Crowds in Anchorage have braved freezing temperatures and slippery ice to see the hulking carcass of a rare fin whale, which washed ashore a few miles from downtown.
Sue Heverling wrapped herself in a winter coat, clutched a pair of hiking poles and set out across a frozen mud flat near Anchorage, braving five-degree temperatures and treacherous ice to see the Alaskan city’s newest, and largest, spectacle.
She took her first tentative steps on the ice, slipped and fell, then got up and pushed on. As she drew closer, what had appeared modest from a distance now loomed before her.

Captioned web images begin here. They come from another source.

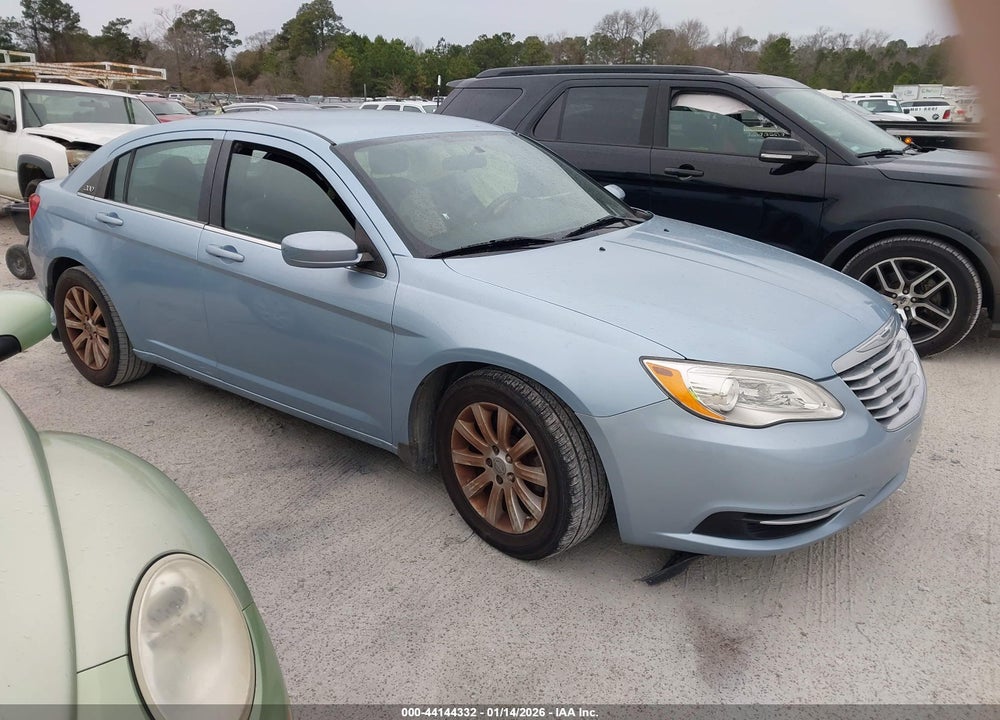 2014 CHRYSLER 200 TOURING VIN: 1C3CCBBB6EN108135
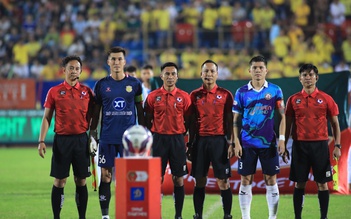 Không có trọng tài ngoại 'chốt' suất trụ hạng ở vòng cuối V-League 2022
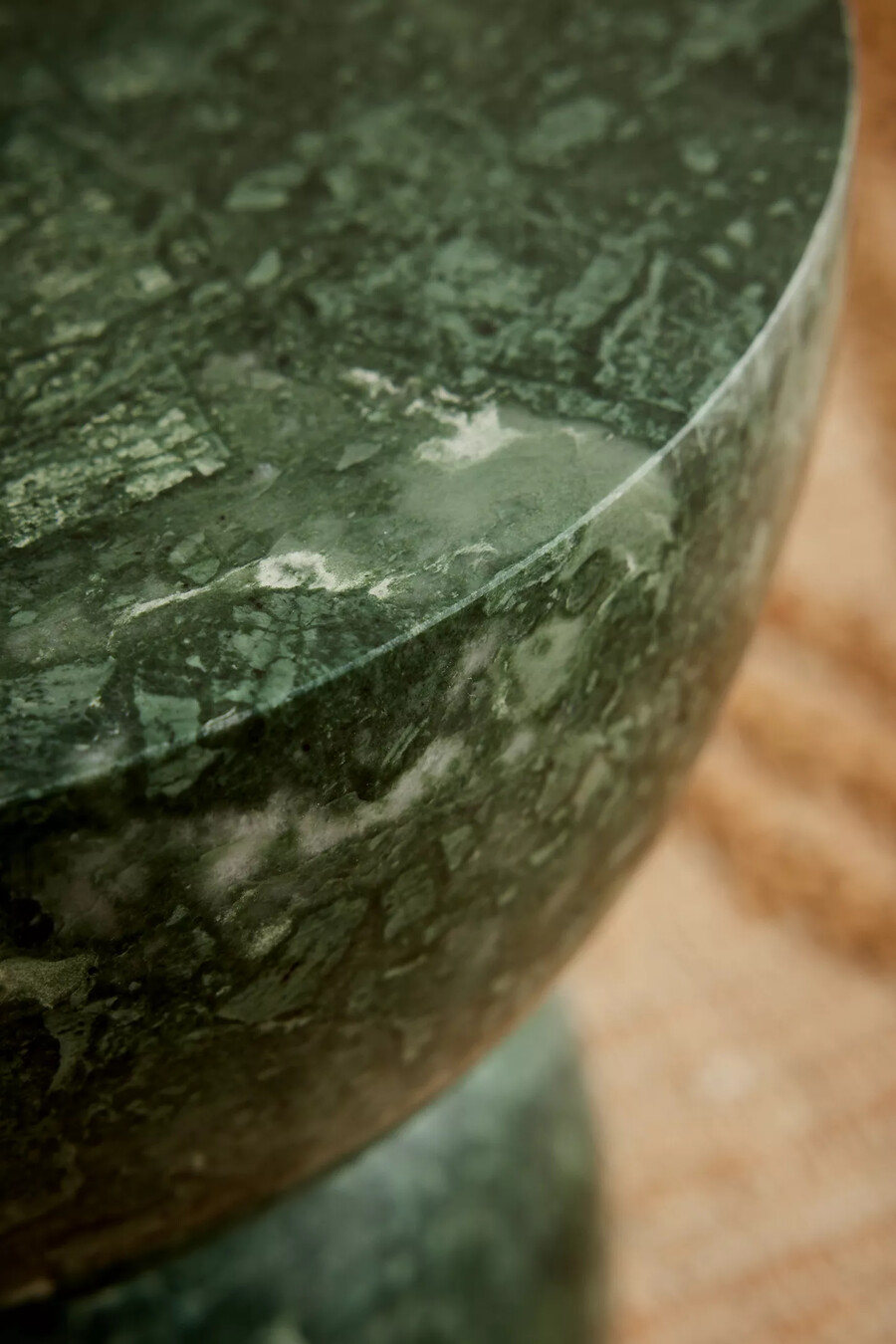 mesa auxiliar de mármol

“That is big,” Ms. Heverling, 62, recalled saying to herself.
The object of her fascination was the carcass of a 47-foot-long fin whale, which has drawn crowds in Anchorage for days.
The young female member of the second largest mammal species had probably washed ashore on the high tide on Saturday, according to Barbara Mahoney, a biologist at the National Oceanic and Atmospheric Administration who examined the carcass.
Fin whales, considered endangered, regularly swim in the Gulf of Alaska and the Bering Strait. Every so often, minke whales, gray whales and humpbacks wash ashore in Alaska. But it’s unusual for a fin whale to be found on a beach so close to Alaska’s biggest city, Ms. Mahoney said.
So people are captivated. A nearby public trail, the Tony Knowles Coastal Trail, is usually busy with joggers, bikers and cross-country skiers. This week, hundreds of pairs of eyes turned toward the mud flat and the dark-gray mound the size of a school bus. Residents have posted pictures of the mountain of flesh on social media, where it has inevitably spawned memes.